# What is being asked
Each line below should be reproduced without any alteration.
Provided material Block Start
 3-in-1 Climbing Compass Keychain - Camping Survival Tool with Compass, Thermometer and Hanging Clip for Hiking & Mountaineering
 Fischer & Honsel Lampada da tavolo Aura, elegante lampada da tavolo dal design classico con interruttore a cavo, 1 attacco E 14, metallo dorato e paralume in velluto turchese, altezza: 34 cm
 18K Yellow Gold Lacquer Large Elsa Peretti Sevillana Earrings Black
Provided material Block End
# Completed task
 3-in-1 Climbing Compass Keychain - Camping Survival Tool with Compass, Thermometer and Hanging Clip for Hiking & Mountaineering
 Fischer & Honsel Lampada da tavolo Aura, elegante lampada da tavolo dal design classico con interruttore a cavo, 1 attacco E 14, metallo dorato e paralume in velluto turchese, altezza: 34 cm
 18K Yellow Gold Lacquer Large Elsa Peretti Sevillana Earrings Black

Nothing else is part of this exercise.